Before becoming a full time farmer my dad tried a variety of jobs. He was born in Greermount, Que. (a mountainous region nine miles north of Shawville) the fourth child in a family of ten.
He helped on the little farm where their main income was maple syrup in the spring. Today the little fields between the mountains are all grown up with natural reforestation. I’m sure the occasional hunter who stumbles through the farm wonders why there are stone piles and stone fences all through the bush.
The boys in the family went to the shanties and made a few dollars cutting trees in the winter. Dad was musical like most of the family and made a few bucks playing for dances in every dance hall in the county. His best paying job came when electricity came to the valley and he worked for the Lang and Ross Company constructing towers and high tension power lines throughout the Gatineau and Pontiac Valleys.
When the crash of 1929 hit North America and all construction came to a halt he went from making 85 cents an hour to 35 cents a week, plus his room and board working on a small farm in Clarendon where after working all day, he used to hoe a few rows of field corn every night after supper.
Dad’s uncle Harry and family lived in California, but came back to Pontiac every summer because it was less expensive to live here when there were lay-offs in California. When Harry and the family came north the car was packed with the family plus enough clothing, bedding and other supplies to do until they went back to California.
During the 1930s, jobs were hard to find but Harry told dad that there were always jobs in the mines in New Mexico. When Harry and his family went back to California, my dad went with them.
Crossing the US border would have been impossible for my dad because there was just as big a job shortage in the US as in Canada. His uncle Harry had a plan. Before they arrived at the US border my dad was placed on the floor of the back seat and all the clothes, bedding and extra luggage was piled on top of him. In 1930 there were no X-ray cameras checking vehicles at the border. After a regular border check, Harry, his family and dad who was hidden away on the floor of the back seat, all rolled into the United States.
After arriving in Los Angeles, Harry took my dad to New Mexico and dad got a job working for the Hydalgo Mining Company. Although there were many men out of jobs in L.A., most of them didn’t want hard jobs like mining or farm work. Dad told me that most of the mine workers were Mexican.

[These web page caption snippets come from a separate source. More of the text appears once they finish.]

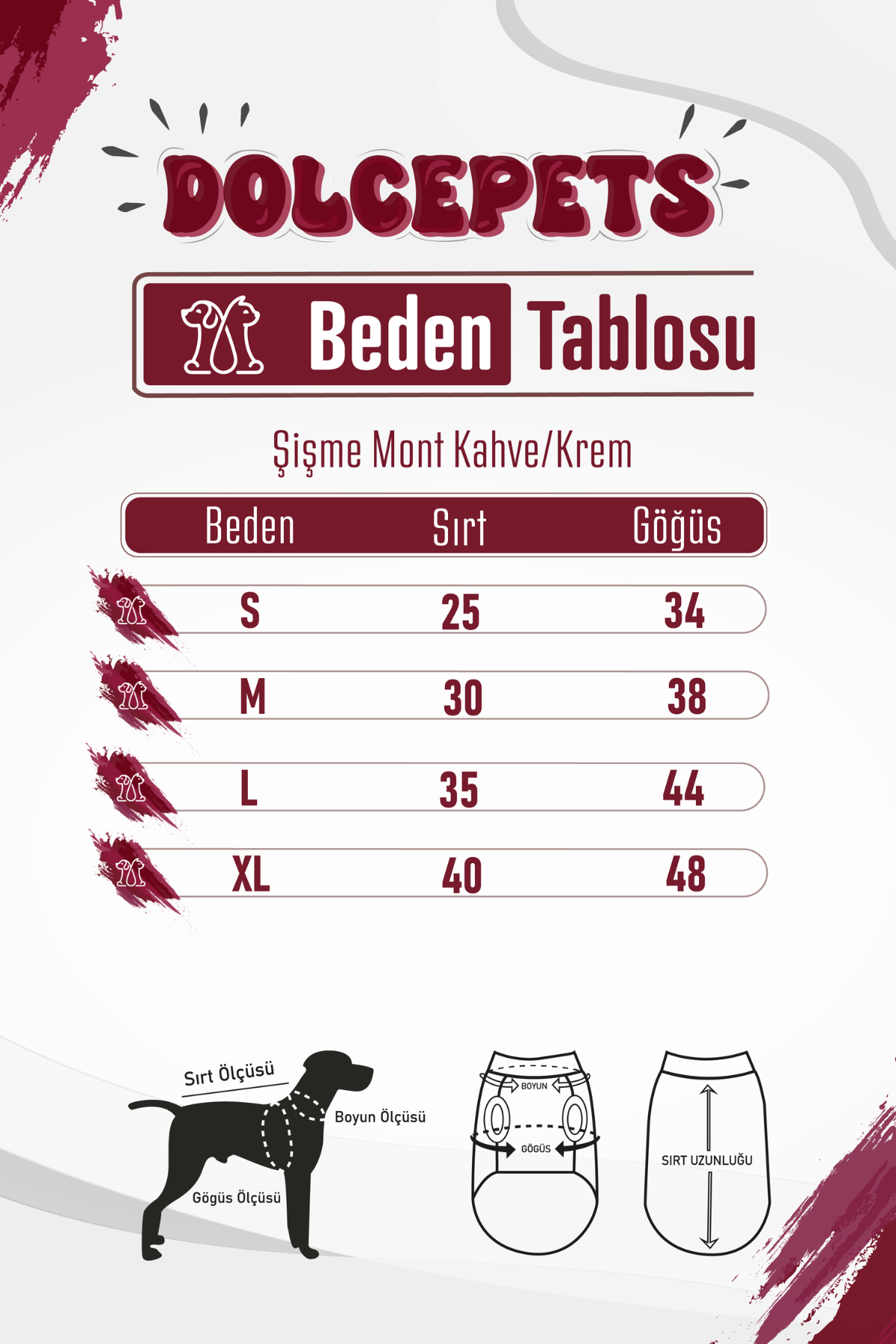 DolcePets Şişme Mont/Kahve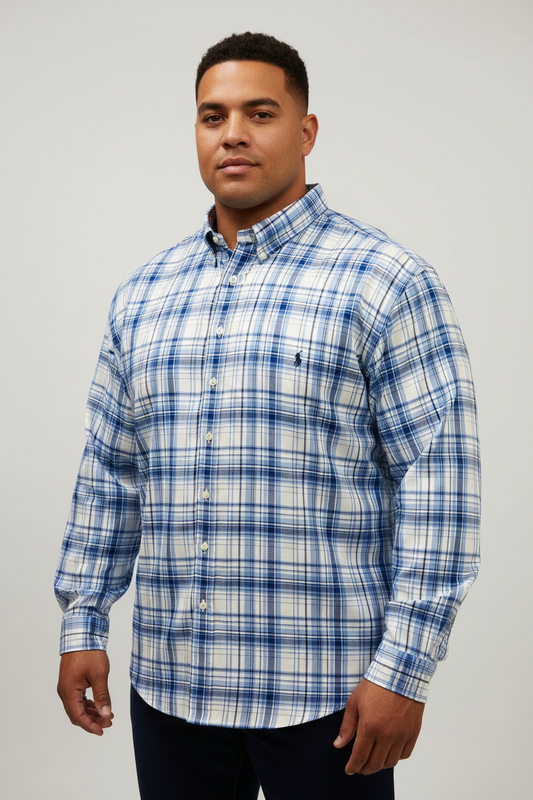 Camisa de botones Polo Ralph Lauren 🏇🏼 Color blanco de cuadros en color azul Talla 4XL Entalle Regular
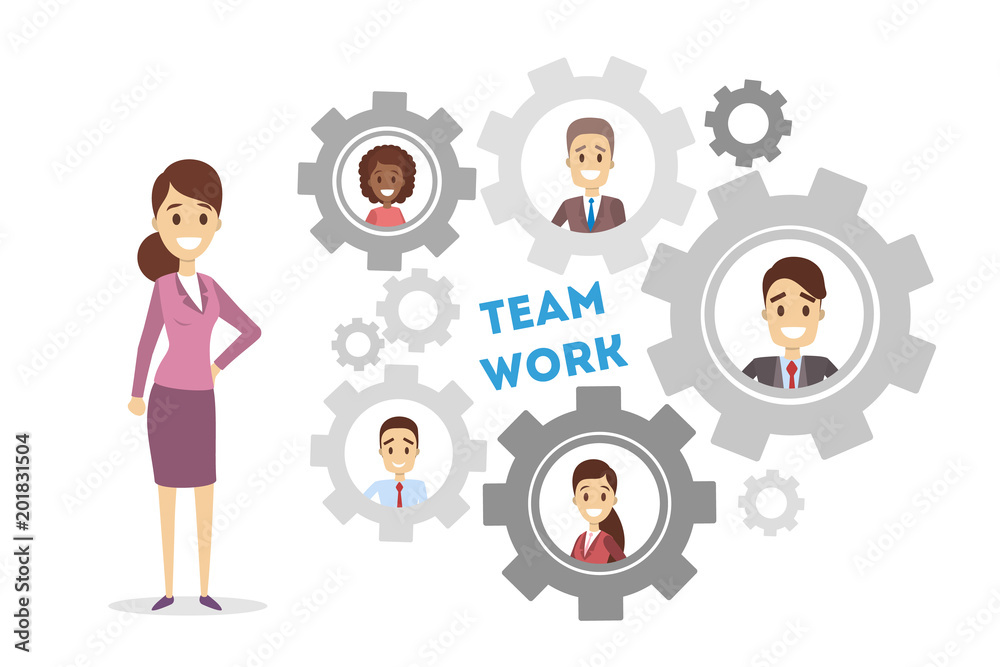 Team work gears. Team work gears.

Dad said that every night when the shift was over, the US border patrol was waiting for Mexicans to come out the gate and loaded them onto a truck which took them back to a bridge across the Mexican border. The US border patrol tolerated this because the mine couldn’t run without this Mexican labour.
Many of the US dairy farms, vegetable farms, chicken farms, meat plants, and even some manufacturing plants couldn’t operate today without cheap illegal Mexican labour.
The mine in New Mexico didn’t operate on Sunday so for amusement dad used to put on his mining helmet with the miner’s light on it and take a baseball bat into a mine shaft and swing at some of the thousands of bats that flew through the mine shafts.
Some Sundays, he and some chums would walk into the desert to just look around. It was on one of these Sunday desert strolls that his friend said don’t move a muscle. His friend pulled the .45 out of the holster on his hip and shot a rattle snake dead which was only five feet in front of dad and curled to pounce. From that day on my dad had an understanding of why some people keep a loaded six-shooter on their hip.
After working for Hydalgo for about a year and a half, he was called to the office one day. He was met in the office by two armed border patrol officers who cuffed him and immediately gave dad a free ride back to the Detroit border.
They took a very nice picture of dad and stapled it on the wall with all the other illegal aliens. Dad was told to never return to the US again. It was 25 years later that he nervously took my mom and me to visit the US, but just for a day.